During these first days — more precisely, prior to the Week’s Mind Mass — Don Matías sat on his sack in his close-fitting black suit, serving the customers with the politeness proper to a teacher on leave from the classroom. Later he neglected to brush himself off — what for, anyway? Flecked in white, he delivered his orations or listened to my disquisitions, selling baked goods in between. Then the heat in the shop got to him. First he shed his collar and black tie, with the result that he lost none of his imposing, magisterial mien. As a symbol of eternal mourning, he kept two black buttons on his white piqué shirt, which he seldom had to change because at his new job it remained snow-white.

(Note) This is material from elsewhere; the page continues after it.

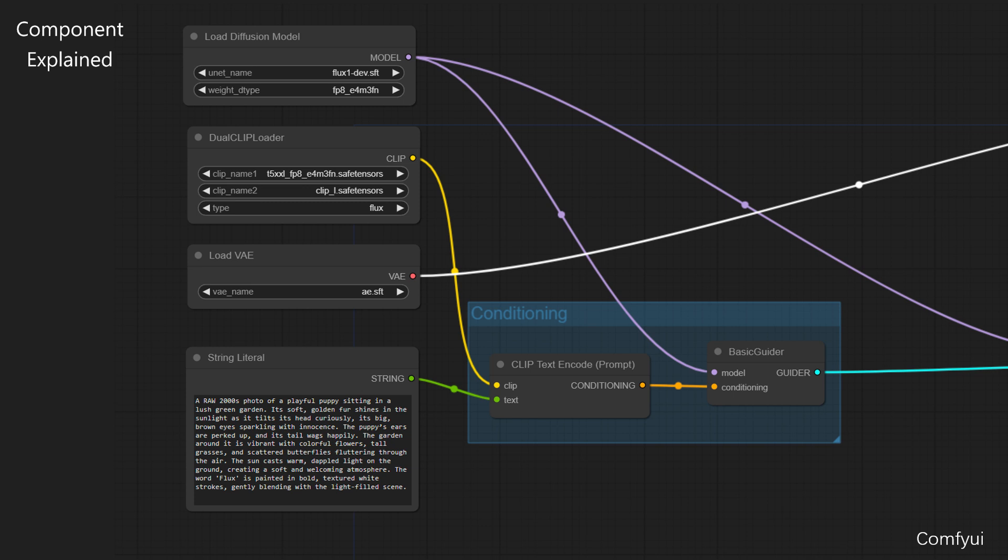The fourth, StringLiteral. This component is where you input the actual text description that will later guide the image generation. It generates String, which can be passed to the ClipTextEncode component.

Things went this way for a while, until one day I came upon him without his jacket on, and in place of his shirt he had on a wide-mesh wrestler’s jersey. He wore a scapular around his neck, but the one sported by this Krausist did not contain a picture of the Mother of God. Inside the little golden capsule was a photograph of his fiancée, the fabled Doña Encarnación — Carnita, “Little Flesh”—about whom more later.